Have you ever noticed that sometimes you use commas in a list of modifiers, and sometimes you don’t?
“The big black car turned the corner.”
“The shiny, bright car turned the corner.”
So why is that?
Because adjectives have an order.
(Silence fills the room)
You have different types of adjectives: quantity, quality, size, age, color, origin, and type. The website http://grammar.ccc.commnet.edu/grammar/adjectives.htm actually breaks it down further in a table called “The Royal Order of Adjectives”: Determiner (four, her), Observation (shiny), Physical Description (size, shape, age, color), Origin (English, French), Material (silk, metal), Qualifier (basketball). But I can’t remember that much, so I’ll go with the first list.
When you have two adjectives in a list, if they are of different types–color and quality, like the first example–then you don’t need a comma (big black car). If you have two of the same type, like two quality adjectives (shiny, bright car), then you need a comma. Think of it this way–if a sentence would sound right if you add an “and,” you would need a comma: “The shiny and bright car.” (It actually sounds childish to say “the shiny bright car.”) But you wouldn’t say “the big and black car.” No comma. It’s even more noticeable with numbers and qualifiers. You certainly wouldn’t say “the two and green shirts” or “the old and English purse.”

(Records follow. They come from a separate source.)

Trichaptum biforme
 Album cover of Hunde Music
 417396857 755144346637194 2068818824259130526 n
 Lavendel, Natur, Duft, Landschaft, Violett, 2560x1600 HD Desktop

And … you should line your adjectives up in that order. It’s just weird to say “black two cars.” No, you would say “two black cars.” And in a long list, you don’t have a comma between the first two of different classes, or the last two, but between all the middle ones. So, “the four expensive, gigantic, old, green, English silk purses.”
Never thought there was a science to it, did you? Me neither. Sometimes our language exhausts me.
Man, I love herding out with grammar! And yes,it is completely exhausting.